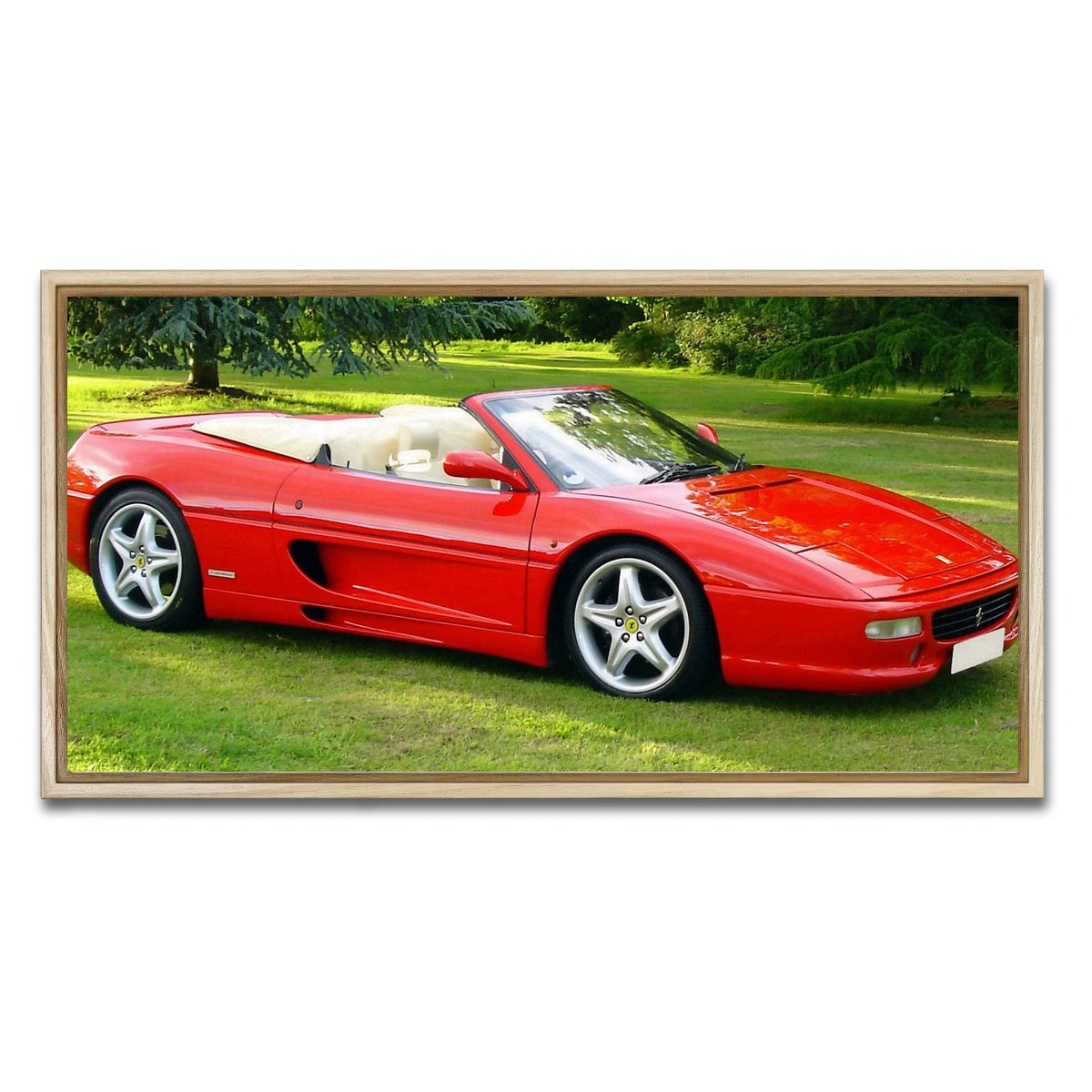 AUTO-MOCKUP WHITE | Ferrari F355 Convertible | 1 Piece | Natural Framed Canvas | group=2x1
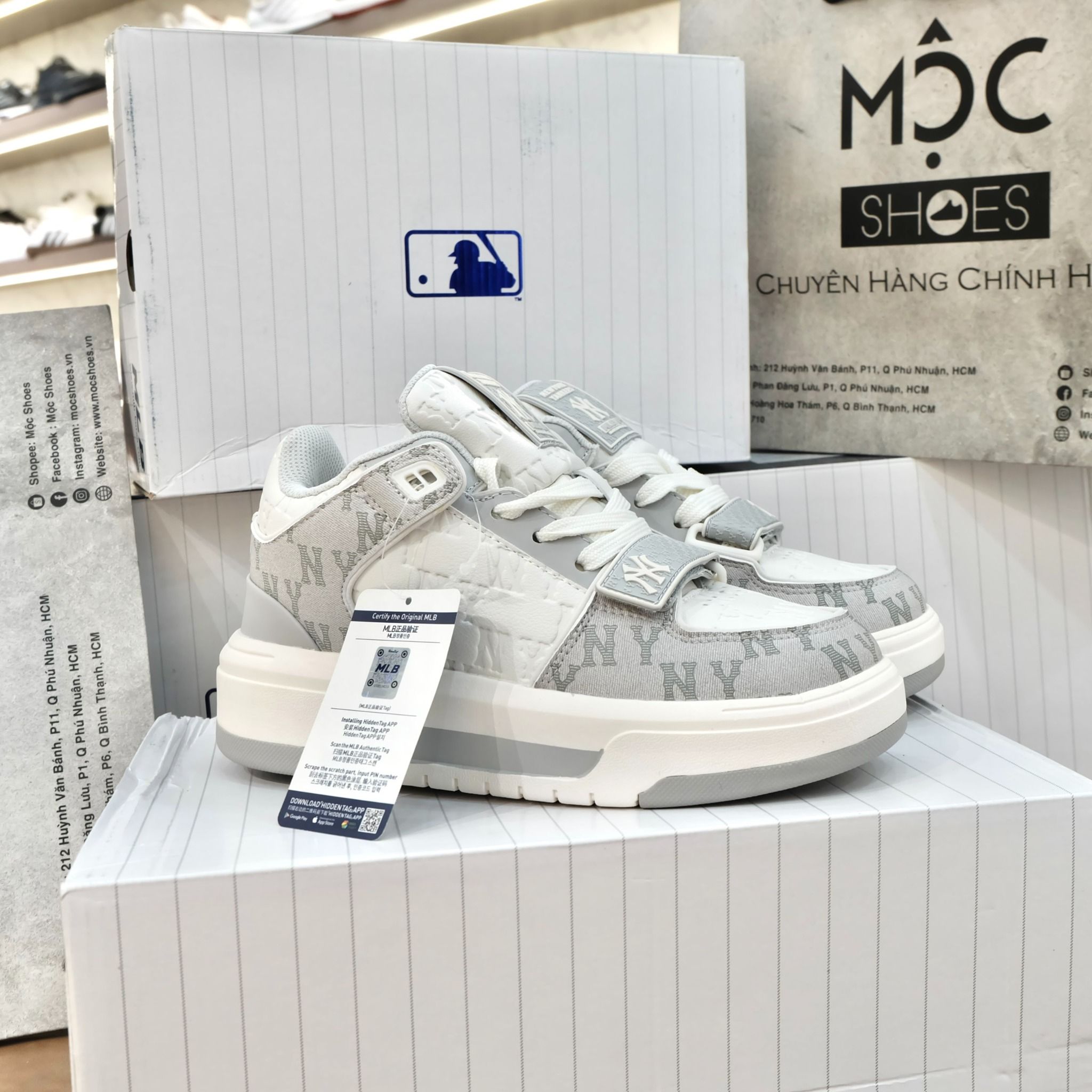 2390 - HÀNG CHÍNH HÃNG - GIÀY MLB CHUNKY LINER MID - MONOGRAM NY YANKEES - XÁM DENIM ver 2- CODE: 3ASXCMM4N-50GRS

——

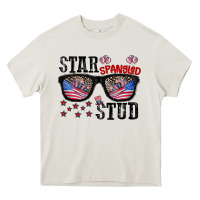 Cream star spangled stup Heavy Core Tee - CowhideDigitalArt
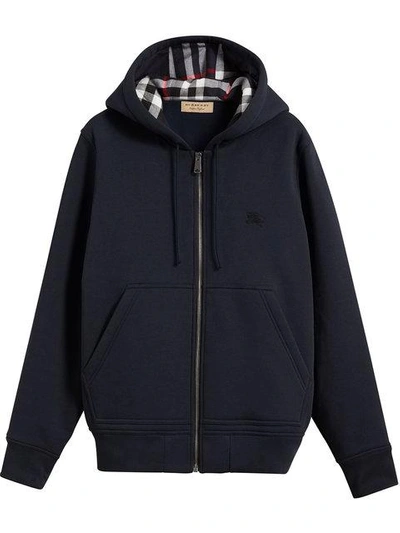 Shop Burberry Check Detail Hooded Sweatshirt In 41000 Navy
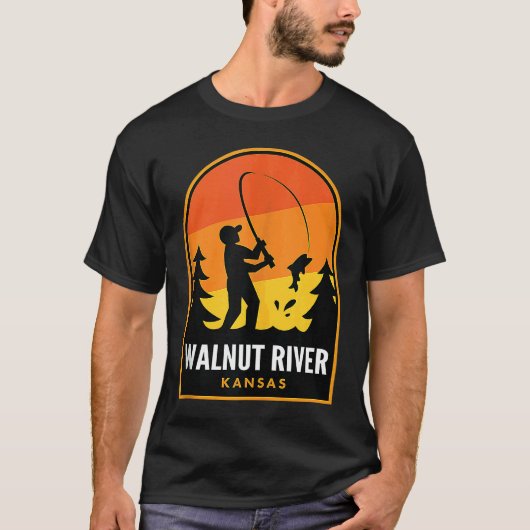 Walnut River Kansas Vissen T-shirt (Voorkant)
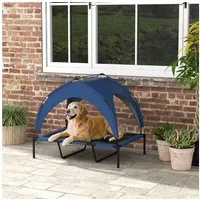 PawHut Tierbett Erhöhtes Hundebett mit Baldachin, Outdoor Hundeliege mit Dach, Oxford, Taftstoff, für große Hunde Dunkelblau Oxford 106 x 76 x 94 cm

——

## What you have to do
Going by the data above, the answer is exactly the lines from the one holding "AUTO-MOCKUP WHITE |" to the one holding "2390 - HÀNG", both kept, with the pictures left out.

## Exercise response
 AUTO-MOCKUP WHITE | Ferrari F355 Convertible | 1 Piece | Natural Framed Canvas | group=2x1
 2390 - HÀNG CHÍNH HÃNG - GIÀY MLB CHUNKY LINER MID - MONOGRAM NY YANKEES - XÁM DENIM ver 2- CODE: 3ASXCMM4N-50GRS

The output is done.